House of Cards®



In a recent podcast, “When the house can’t win the game, it will change the rules” (June 9, 2022), Walter Bradley Center director Robert J. Marks continued his discussion with mathematician, computer scientist, and engineer Salvador Cordova on the mathematics of gambling — why the odds are stacked against the gambler — or, depending on a gambler’s skill and knowledge of the circumstances, maybe they aren’t…

Marks and Cordova ended Episode 1 by discussing the famous advantage player Don Johnson who cleaned out Atlantic City for tens of millions of dollars in 2011. What was his secret?

Sal Cordova: He was very good at his craft.
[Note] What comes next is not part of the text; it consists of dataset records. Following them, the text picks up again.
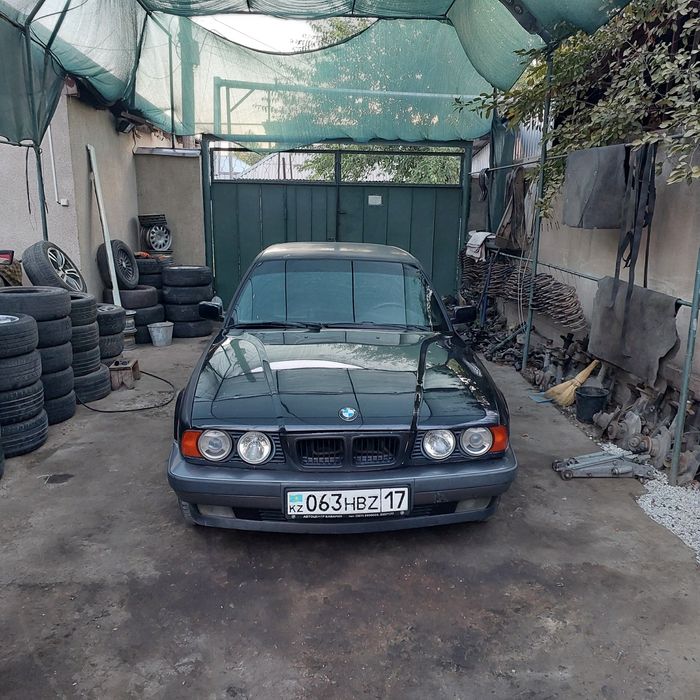 Разбор BMW e34, большой выбор запчастей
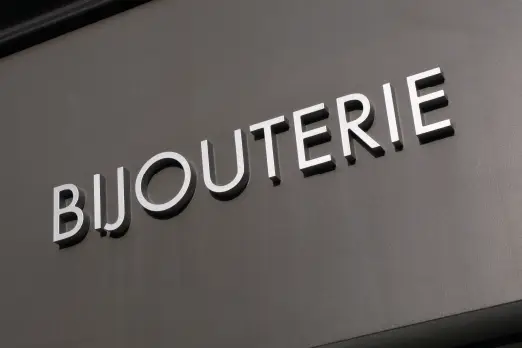 Enseigne en aluminium de haute qualité, vue en gros plan, montrant la finition métallique lisse et résistante du matériau.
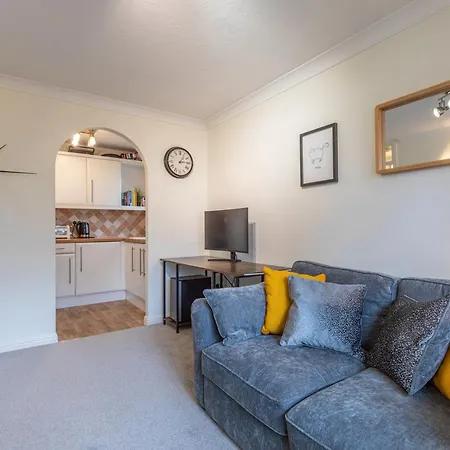 Chic Flat In Woolston: Nr Southampton City Centre Exterior photo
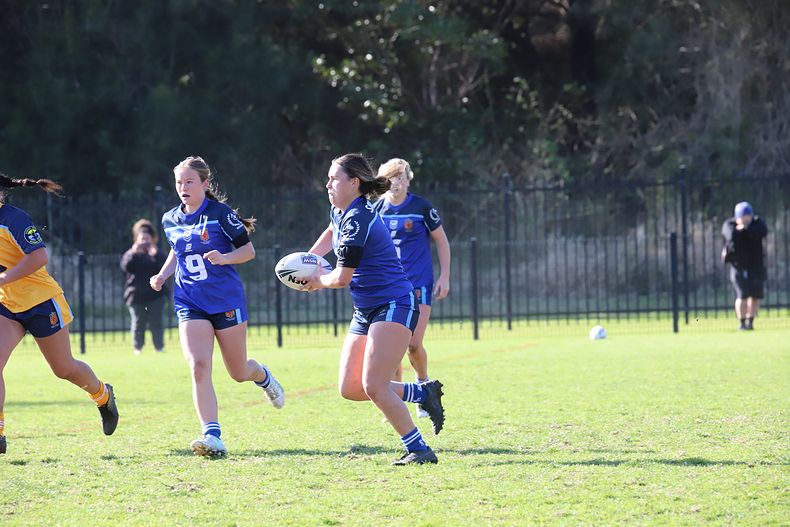 NSWCHS U16 Girls Day 1 Sydney Gold v Southern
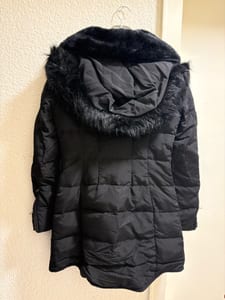 Damen Winterjacke Steppmantel mit Kunstfellkapuze, schwarz — Bild 2 von 3 anzeigen
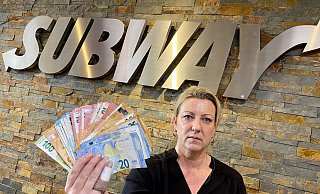 3.000 Euro will Jessica Fait, Geschäftsführerin mehrere Subway-Filialen, demjenigen bezahlen, der den entscheidenden Hinweis auf die Räuber gibt.  - Wolfgang Wotke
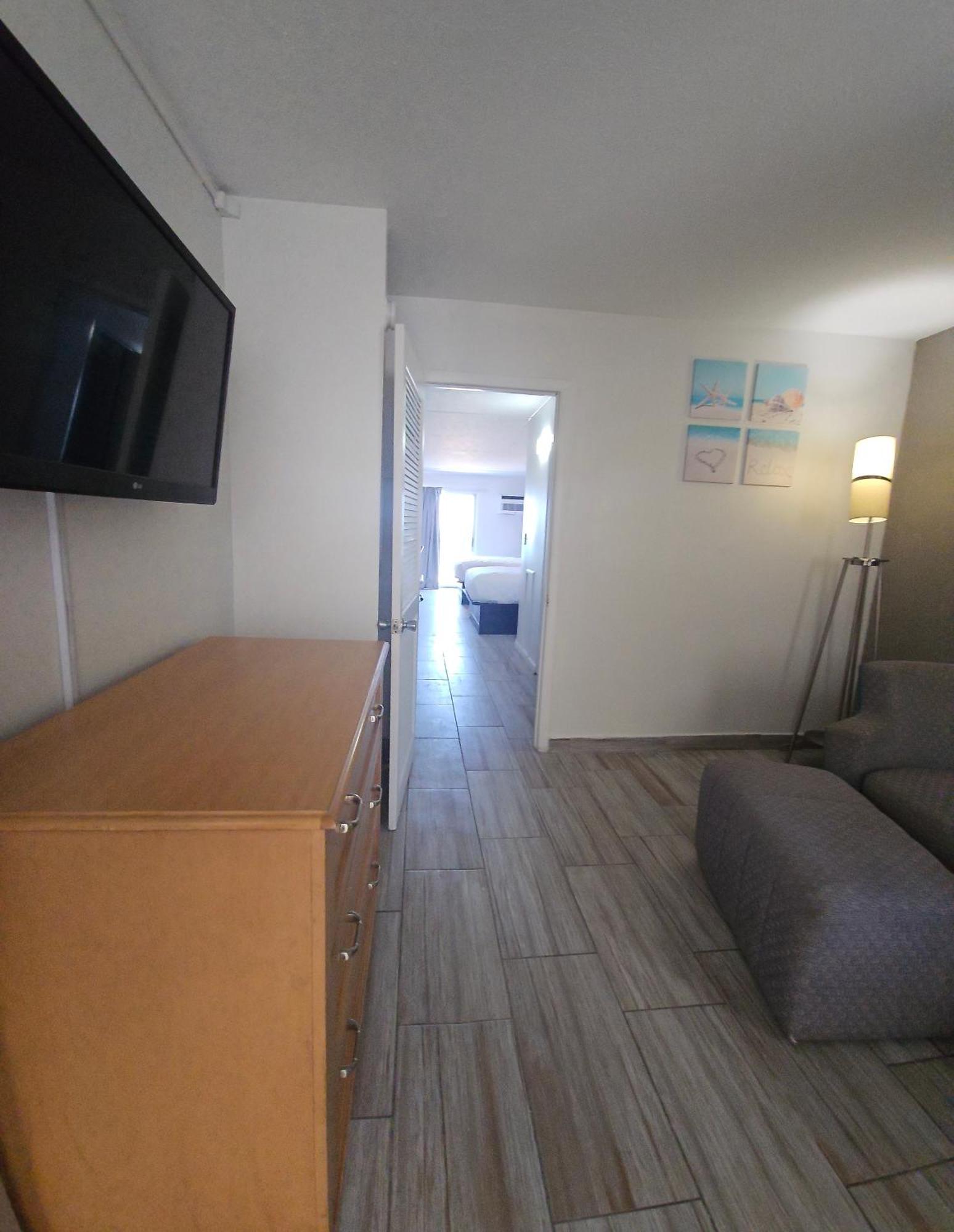 Southern Breeze Ocean Front Hotel Myrtle Beach Bagian luar foto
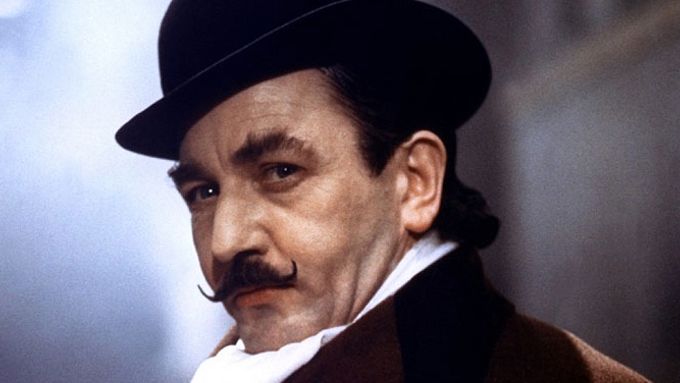 Albert Finney jako belgický detektiv Hercule Poirot ve snímku Vražda v Orient Expressu z roku 1974.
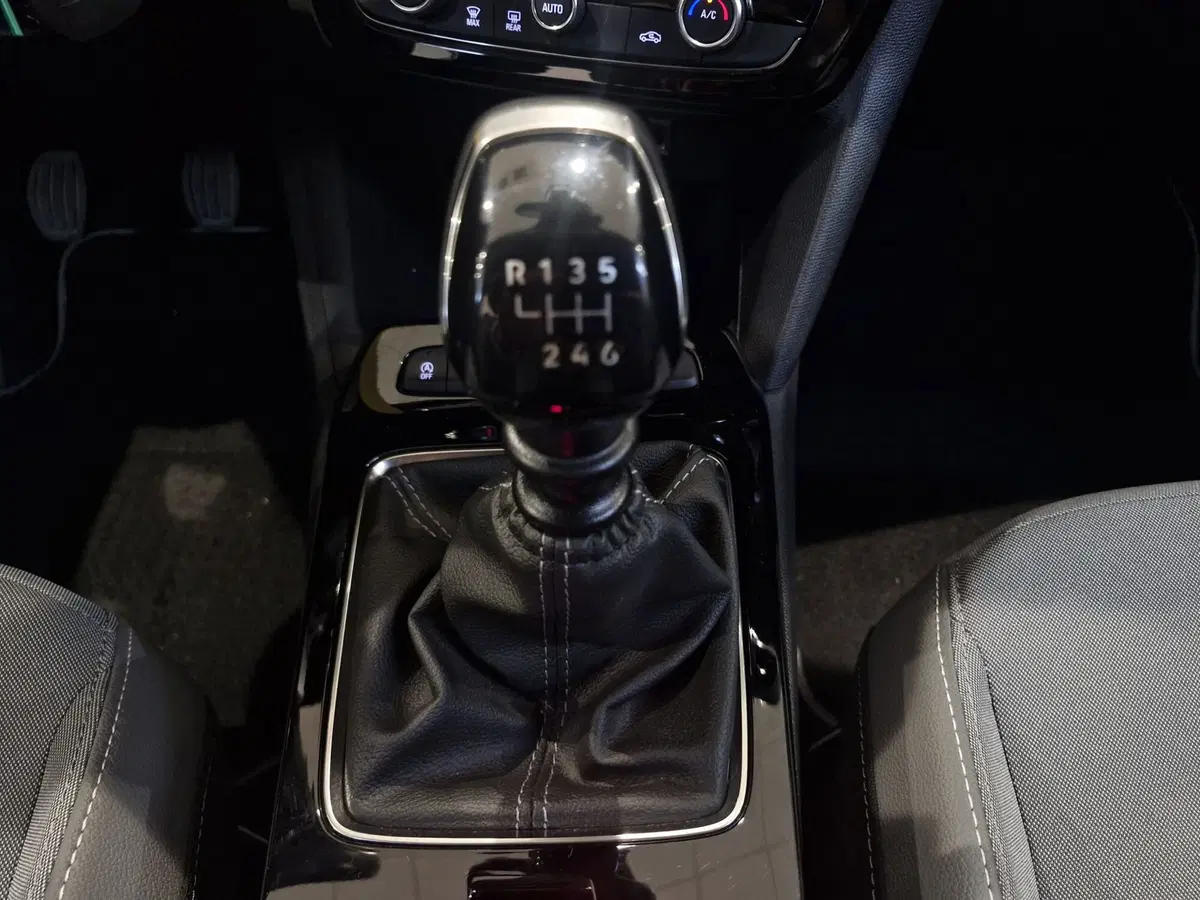 Opel Mokka usata a Vercelli (15)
Robert J. Marks: … he used comps in order to offset his probability of loss and was able to turn that to his advantage and won tens of millions of dollars. They had to have found him out because if I was him, I would keep on going until somebody kicked me out.

(Note: Comps are free games, kickbacks, etc., intended to keep players gambling.)

Sal Cordova: Well, probably even before they found him out, it was just… they were losing so much money. They said “We can’t afford to keep this guy here.” And I can’t believe that this is such obvious, basic math. So the comps that he was offered was a loss rebate. So he was playing a losing game of blackjack. But again, going back to the Law of Large Numbers, his loss rate was only half a percent. And they’re giving him loss rebates of 10 to 20%.

Robert J. Marks: Was he card counting?